Problem: For this exercise, transcribe all of the entries exactly.

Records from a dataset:
-.-.-

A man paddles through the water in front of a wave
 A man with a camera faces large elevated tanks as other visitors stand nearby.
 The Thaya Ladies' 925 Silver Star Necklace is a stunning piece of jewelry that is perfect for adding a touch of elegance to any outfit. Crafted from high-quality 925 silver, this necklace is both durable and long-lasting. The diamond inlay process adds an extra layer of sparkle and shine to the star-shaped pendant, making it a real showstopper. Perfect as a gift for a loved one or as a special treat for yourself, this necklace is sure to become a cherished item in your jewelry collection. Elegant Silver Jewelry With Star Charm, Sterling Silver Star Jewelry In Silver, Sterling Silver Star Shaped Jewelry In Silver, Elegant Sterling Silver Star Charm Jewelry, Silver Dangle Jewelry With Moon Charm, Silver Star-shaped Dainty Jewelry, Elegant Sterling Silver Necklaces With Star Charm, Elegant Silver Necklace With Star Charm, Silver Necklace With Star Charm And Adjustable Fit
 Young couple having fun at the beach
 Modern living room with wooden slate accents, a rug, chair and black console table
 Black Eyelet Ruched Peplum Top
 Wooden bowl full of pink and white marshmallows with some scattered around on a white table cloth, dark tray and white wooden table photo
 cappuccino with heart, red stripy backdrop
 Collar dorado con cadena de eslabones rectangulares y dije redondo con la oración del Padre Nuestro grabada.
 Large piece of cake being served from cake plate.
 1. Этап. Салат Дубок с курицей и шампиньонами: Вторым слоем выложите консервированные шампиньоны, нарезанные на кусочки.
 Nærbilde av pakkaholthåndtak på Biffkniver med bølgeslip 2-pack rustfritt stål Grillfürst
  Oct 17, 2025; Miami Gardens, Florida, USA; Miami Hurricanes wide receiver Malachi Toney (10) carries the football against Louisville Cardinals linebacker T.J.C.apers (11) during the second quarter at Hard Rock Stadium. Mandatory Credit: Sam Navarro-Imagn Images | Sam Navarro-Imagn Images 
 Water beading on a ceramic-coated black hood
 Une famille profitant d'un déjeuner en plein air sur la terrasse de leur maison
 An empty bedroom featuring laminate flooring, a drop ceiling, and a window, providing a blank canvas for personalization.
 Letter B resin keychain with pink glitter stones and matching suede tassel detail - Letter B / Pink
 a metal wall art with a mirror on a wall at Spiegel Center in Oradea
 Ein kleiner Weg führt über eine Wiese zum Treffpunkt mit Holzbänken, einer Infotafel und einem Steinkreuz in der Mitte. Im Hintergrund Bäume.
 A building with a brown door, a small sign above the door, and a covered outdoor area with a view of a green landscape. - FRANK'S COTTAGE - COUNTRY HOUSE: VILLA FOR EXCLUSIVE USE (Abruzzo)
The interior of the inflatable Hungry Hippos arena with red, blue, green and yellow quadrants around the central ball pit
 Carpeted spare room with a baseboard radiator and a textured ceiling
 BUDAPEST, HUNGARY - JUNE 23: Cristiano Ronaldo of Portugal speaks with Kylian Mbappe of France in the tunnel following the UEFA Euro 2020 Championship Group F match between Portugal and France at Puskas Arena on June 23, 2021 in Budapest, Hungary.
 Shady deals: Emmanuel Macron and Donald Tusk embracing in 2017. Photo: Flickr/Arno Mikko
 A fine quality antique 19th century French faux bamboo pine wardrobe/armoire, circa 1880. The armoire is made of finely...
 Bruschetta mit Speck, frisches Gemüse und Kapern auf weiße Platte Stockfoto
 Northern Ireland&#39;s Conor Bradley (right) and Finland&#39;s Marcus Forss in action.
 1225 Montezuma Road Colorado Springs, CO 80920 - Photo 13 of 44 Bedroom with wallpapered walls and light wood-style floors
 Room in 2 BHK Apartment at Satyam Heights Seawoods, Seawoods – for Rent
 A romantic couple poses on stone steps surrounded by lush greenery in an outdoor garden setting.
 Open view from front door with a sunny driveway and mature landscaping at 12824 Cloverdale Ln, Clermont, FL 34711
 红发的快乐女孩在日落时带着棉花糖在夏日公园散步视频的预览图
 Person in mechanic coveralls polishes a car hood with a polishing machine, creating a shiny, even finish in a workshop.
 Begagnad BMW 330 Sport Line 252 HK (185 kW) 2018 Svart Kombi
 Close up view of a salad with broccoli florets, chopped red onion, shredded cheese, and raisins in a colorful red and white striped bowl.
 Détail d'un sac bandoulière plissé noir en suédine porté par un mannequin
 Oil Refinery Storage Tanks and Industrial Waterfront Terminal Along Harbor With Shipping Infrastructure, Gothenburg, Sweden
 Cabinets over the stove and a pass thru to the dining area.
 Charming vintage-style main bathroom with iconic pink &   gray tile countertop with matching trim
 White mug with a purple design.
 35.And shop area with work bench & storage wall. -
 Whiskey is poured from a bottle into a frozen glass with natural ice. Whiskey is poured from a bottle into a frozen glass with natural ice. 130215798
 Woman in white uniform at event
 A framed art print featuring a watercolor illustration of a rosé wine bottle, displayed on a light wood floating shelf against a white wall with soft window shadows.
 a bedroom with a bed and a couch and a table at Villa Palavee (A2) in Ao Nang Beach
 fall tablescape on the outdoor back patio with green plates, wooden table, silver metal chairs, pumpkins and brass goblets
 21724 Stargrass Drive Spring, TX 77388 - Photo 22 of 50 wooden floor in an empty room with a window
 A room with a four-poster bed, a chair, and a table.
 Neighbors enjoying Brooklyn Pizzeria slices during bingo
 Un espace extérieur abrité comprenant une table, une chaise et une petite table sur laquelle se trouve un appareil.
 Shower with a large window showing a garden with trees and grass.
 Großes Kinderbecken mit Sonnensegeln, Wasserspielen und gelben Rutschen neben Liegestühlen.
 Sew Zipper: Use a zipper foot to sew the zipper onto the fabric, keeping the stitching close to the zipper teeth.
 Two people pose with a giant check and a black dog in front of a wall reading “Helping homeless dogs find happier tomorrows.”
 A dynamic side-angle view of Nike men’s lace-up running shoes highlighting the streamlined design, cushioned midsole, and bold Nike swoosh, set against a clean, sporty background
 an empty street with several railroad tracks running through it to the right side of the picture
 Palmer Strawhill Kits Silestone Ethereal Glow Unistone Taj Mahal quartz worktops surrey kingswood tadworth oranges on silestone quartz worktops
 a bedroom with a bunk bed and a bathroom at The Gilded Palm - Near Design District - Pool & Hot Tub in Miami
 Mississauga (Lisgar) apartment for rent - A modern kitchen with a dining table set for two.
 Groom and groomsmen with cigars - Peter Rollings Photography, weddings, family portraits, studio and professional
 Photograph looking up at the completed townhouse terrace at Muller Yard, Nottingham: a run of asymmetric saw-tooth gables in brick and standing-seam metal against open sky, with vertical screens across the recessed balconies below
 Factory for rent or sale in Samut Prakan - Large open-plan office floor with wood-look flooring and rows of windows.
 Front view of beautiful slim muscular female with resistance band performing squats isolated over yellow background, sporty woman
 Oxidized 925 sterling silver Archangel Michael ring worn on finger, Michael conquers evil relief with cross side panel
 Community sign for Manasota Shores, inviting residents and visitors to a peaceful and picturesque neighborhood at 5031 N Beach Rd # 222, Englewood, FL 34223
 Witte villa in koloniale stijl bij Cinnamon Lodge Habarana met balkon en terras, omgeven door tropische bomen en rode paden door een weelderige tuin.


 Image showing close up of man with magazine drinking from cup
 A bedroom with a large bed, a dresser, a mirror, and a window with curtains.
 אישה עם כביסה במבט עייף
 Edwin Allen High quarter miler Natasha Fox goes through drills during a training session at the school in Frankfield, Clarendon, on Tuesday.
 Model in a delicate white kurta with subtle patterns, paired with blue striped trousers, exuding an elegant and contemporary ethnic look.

-.-.-

Task response:
A man paddles through the water in front of a wave
 A man with a camera faces large elevated tanks as other visitors stand nearby.
 The Thaya Ladies' 925 Silver Star Necklace is a stunning piece of jewelry that is perfect for adding a touch of elegance to any outfit. Crafted from high-quality 925 silver, this necklace is both durable and long-lasting. The diamond inlay process adds an extra layer of sparkle and shine to the star-shaped pendant, making it a real showstopper. Perfect as a gift for a loved one or as a special treat for yourself, this necklace is sure to become a cherished item in your jewelry collection. Elegant Silver Jewelry With Star Charm, Sterling Silver Star Jewelry In Silver, Sterling Silver Star Shaped Jewelry In Silver, Elegant Sterling Silver Star Charm Jewelry, Silver Dangle Jewelry With Moon Charm, Silver Star-shaped Dainty Jewelry, Elegant Sterling Silver Necklaces With Star Charm, Elegant Silver Necklace With Star Charm, Silver Necklace With Star Charm And Adjustable Fit
 Young couple having fun at the beach
 Modern living room with wooden slate accents, a rug, chair and black console table
 Black Eyelet Ruched Peplum Top
 Wooden bowl full of pink and white marshmallows with some scattered around on a white table cloth, dark tray and white wooden table photo
 cappuccino with heart, red stripy backdrop
 Collar dorado con cadena de eslabones rectangulares y dije redondo con la oración del Padre Nuestro grabada.
 Large piece of cake being served from cake plate.
 1. Этап. Салат Дубок с курицей и шампиньонами: Вторым слоем выложите консервированные шампиньоны, нарезанные на кусочки.
 Nærbilde av pakkaholthåndtak på Biffkniver med bølgeslip 2-pack rustfritt stål Grillfürst
  Oct 17, 2025; Miami Gardens, Florida, USA; Miami Hurricanes wide receiver Malachi Toney (10) carries the football against Louisville Cardinals linebacker T.J.C.apers (11) during the second quarter at Hard Rock Stadium. Mandatory Credit: Sam Navarro-Imagn Images | Sam Navarro-Imagn Images 
 Water beading on a ceramic-coated black hood
 Une famille profitant d'un déjeuner en plein air sur la terrasse de leur maison
 An empty bedroom featuring laminate flooring, a drop ceiling, and a window, providing a blank canvas for personalization.
 Letter B resin keychain with pink glitter stones and matching suede tassel detail - Letter B / Pink
 a metal wall art with a mirror on a wall at Spiegel Center in Oradea
 Ein kleiner Weg führt über eine Wiese zum Treffpunkt mit Holzbänken, einer Infotafel und einem Steinkreuz in der Mitte. Im Hintergrund Bäume.
 A building with a brown door, a small sign above the door, and a covered outdoor area with a view of a green landscape. - FRANK'S COTTAGE - COUNTRY HOUSE: VILLA FOR EXCLUSIVE USE (Abruzzo)
The interior of the inflatable Hungry Hippos arena with red, blue, green and yellow quadrants around the central ball pit
 Carpeted spare room with a baseboard radiator and a textured ceiling
 BUDAPEST, HUNGARY - JUNE 23: Cristiano Ronaldo of Portugal speaks with Kylian Mbappe of France in the tunnel following the UEFA Euro 2020 Championship Group F match between Portugal and France at Puskas Arena on June 23, 2021 in Budapest, Hungary.
 Shady deals: Emmanuel Macron and Donald Tusk embracing in 2017. Photo: Flickr/Arno Mikko
 A fine quality antique 19th century French faux bamboo pine wardrobe/armoire, circa 1880. The armoire is made of finely...
 Bruschetta mit Speck, frisches Gemüse und Kapern auf weiße Platte Stockfoto
 Northern Ireland&#39;s Conor Bradley (right) and Finland&#39;s Marcus Forss in action.
 1225 Montezuma Road Colorado Springs, CO 80920 - Photo 13 of 44 Bedroom with wallpapered walls and light wood-style floors
 Room in 2 BHK Apartment at Satyam Heights Seawoods, Seawoods – for Rent
 A romantic couple poses on stone steps surrounded by lush greenery in an outdoor garden setting.
 Open view from front door with a sunny driveway and mature landscaping at 12824 Cloverdale Ln, Clermont, FL 34711
 红发的快乐女孩在日落时带着棉花糖在夏日公园散步视频的预览图
 Person in mechanic coveralls polishes a car hood with a polishing machine, creating a shiny, even finish in a workshop.
 Begagnad BMW 330 Sport Line 252 HK (185 kW) 2018 Svart Kombi
 Close up view of a salad with broccoli florets, chopped red onion, shredded cheese, and raisins in a colorful red and white striped bowl.
 Détail d'un sac bandoulière plissé noir en suédine porté par un mannequin
 Oil Refinery Storage Tanks and Industrial Waterfront Terminal Along Harbor With Shipping Infrastructure, Gothenburg, Sweden
 Cabinets over the stove and a pass thru to the dining area.
 Charming vintage-style main bathroom with iconic pink &   gray tile countertop with matching trim
 White mug with a purple design.
 35.And shop area with work bench & storage wall. -
 Whiskey is poured from a bottle into a frozen glass with natural ice. Whiskey is poured from a bottle into a frozen glass with natural ice. 130215798
 Woman in white uniform at event
 A framed art print featuring a watercolor illustration of a rosé wine bottle, displayed on a light wood floating shelf against a white wall with soft window shadows.
 a bedroom with a bed and a couch and a table at Villa Palavee (A2) in Ao Nang Beach
 fall tablescape on the outdoor back patio with green plates, wooden table, silver metal chairs, pumpkins and brass goblets
 21724 Stargrass Drive Spring, TX 77388 - Photo 22 of 50 wooden floor in an empty room with a window
 A room with a four-poster bed, a chair, and a table.
 Neighbors enjoying Brooklyn Pizzeria slices during bingo
 Un espace extérieur abrité comprenant une table, une chaise et une petite table sur laquelle se trouve un appareil.
 Shower with a large window showing a garden with trees and grass.
 Großes Kinderbecken mit Sonnensegeln, Wasserspielen und gelben Rutschen neben Liegestühlen.
 Sew Zipper: Use a zipper foot to sew the zipper onto the fabric, keeping the stitching close to the zipper teeth.
 Two people pose with a giant check and a black dog in front of a wall reading “Helping homeless dogs find happier tomorrows.”
 A dynamic side-angle view of Nike men’s lace-up running shoes highlighting the streamlined design, cushioned midsole, and bold Nike swoosh, set against a clean, sporty background
 an empty street with several railroad tracks running through it to the right side of the picture
 Palmer Strawhill Kits Silestone Ethereal Glow Unistone Taj Mahal quartz worktops surrey kingswood tadworth oranges on silestone quartz worktops
 a bedroom with a bunk bed and a bathroom at The Gilded Palm - Near Design District - Pool & Hot Tub in Miami
 Mississauga (Lisgar) apartment for rent - A modern kitchen with a dining table set for two.
 Groom and groomsmen with cigars - Peter Rollings Photography, weddings, family portraits, studio and professional
 Photograph looking up at the completed townhouse terrace at Muller Yard, Nottingham: a run of asymmetric saw-tooth gables in brick and standing-seam metal against open sky, with vertical screens across the recessed balconies below
 Factory for rent or sale in Samut Prakan - Large open-plan office floor with wood-look flooring and rows of windows.
 Front view of beautiful slim muscular female with resistance band performing squats isolated over yellow background, sporty woman
 Oxidized 925 sterling silver Archangel Michael ring worn on finger, Michael conquers evil relief with cross side panel
 Community sign for Manasota Shores, inviting residents and visitors to a peaceful and picturesque neighborhood at 5031 N Beach Rd # 222, Englewood, FL 34223
 Witte villa in koloniale stijl bij Cinnamon Lodge Habarana met balkon en terras, omgeven door tropische bomen en rode paden door een weelderige tuin.


 Image showing close up of man with magazine drinking from cup
 A bedroom with a large bed, a dresser, a mirror, and a window with curtains.
 אישה עם כביסה במבט עייף
 Edwin Allen High quarter miler Natasha Fox goes through drills during a training session at the school in Frankfield, Clarendon, on Tuesday.
 Model in a delicate white kurta with subtle patterns, paired with blue striped trousers, exuding an elegant and contemporary ethnic look.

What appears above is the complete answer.